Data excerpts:

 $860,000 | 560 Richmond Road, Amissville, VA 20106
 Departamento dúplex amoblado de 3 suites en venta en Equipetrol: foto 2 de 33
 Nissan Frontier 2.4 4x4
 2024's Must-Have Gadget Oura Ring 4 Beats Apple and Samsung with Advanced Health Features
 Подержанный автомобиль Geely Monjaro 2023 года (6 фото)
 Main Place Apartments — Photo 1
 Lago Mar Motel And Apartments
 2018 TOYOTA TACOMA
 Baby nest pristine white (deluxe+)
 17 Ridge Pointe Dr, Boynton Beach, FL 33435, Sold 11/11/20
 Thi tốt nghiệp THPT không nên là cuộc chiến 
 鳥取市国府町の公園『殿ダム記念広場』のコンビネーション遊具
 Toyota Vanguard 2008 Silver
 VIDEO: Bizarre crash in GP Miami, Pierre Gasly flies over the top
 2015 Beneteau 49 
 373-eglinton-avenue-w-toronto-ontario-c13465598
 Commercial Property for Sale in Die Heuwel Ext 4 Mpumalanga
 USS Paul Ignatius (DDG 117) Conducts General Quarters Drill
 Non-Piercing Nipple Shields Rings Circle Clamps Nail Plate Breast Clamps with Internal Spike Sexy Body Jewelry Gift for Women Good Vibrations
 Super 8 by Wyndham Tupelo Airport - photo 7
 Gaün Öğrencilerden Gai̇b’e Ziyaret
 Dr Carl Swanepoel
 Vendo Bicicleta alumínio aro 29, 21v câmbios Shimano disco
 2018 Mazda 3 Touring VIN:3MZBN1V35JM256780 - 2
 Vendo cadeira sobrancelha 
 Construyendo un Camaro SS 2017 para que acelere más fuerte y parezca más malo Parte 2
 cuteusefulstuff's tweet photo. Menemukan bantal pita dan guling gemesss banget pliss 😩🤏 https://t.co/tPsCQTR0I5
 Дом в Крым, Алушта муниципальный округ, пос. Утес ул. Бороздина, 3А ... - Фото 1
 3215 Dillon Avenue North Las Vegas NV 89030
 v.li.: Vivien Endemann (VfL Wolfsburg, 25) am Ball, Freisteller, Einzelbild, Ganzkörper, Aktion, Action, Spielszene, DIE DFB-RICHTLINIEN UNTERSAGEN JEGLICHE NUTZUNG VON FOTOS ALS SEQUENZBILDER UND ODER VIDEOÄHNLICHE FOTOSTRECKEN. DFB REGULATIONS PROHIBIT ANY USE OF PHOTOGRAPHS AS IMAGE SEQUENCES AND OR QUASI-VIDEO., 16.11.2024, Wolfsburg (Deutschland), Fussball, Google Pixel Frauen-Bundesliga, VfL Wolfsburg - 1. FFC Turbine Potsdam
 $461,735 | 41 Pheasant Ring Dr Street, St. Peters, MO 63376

TASK PROMPT: The required output is the line holding "2015 Beneteau 49" plus every line after it in the data, reproduced exactly.

ANSWER BOX:
 2015 Beneteau 49 
 373-eglinton-avenue-w-toronto-ontario-c13465598
 Commercial Property for Sale in Die Heuwel Ext 4 Mpumalanga
 USS Paul Ignatius (DDG 117) Conducts General Quarters Drill
 Non-Piercing Nipple Shields Rings Circle Clamps Nail Plate Breast Clamps with Internal Spike Sexy Body Jewelry Gift for Women Good Vibrations
 Super 8 by Wyndham Tupelo Airport - photo 7
 Gaün Öğrencilerden Gai̇b’e Ziyaret
 Dr Carl Swanepoel
 Vendo Bicicleta alumínio aro 29, 21v câmbios Shimano disco
 2018 Mazda 3 Touring VIN:3MZBN1V35JM256780 - 2
 Vendo cadeira sobrancelha 
 Construyendo un Camaro SS 2017 para que acelere más fuerte y parezca más malo Parte 2
 cuteusefulstuff's tweet photo. Menemukan bantal pita dan guling gemesss banget pliss 😩🤏 https://t.co/tPsCQTR0I5
 Дом в Крым, Алушта муниципальный округ, пос. Утес ул. Бороздина, 3А ... - Фото 1
 3215 Dillon Avenue North Las Vegas NV 89030
 v.li.: Vivien Endemann (VfL Wolfsburg, 25) am Ball, Freisteller, Einzelbild, Ganzkörper, Aktion, Action, Spielszene, DIE DFB-RICHTLINIEN UNTERSAGEN JEGLICHE NUTZUNG VON FOTOS ALS SEQUENZBILDER UND ODER VIDEOÄHNLICHE FOTOSTRECKEN. DFB REGULATIONS PROHIBIT ANY USE OF PHOTOGRAPHS AS IMAGE SEQUENCES AND OR QUASI-VIDEO., 16.11.2024, Wolfsburg (Deutschland), Fussball, Google Pixel Frauen-Bundesliga, VfL Wolfsburg - 1. FFC Turbine Potsdam
 $461,735 | 41 Pheasant Ring Dr Street, St. Peters, MO 63376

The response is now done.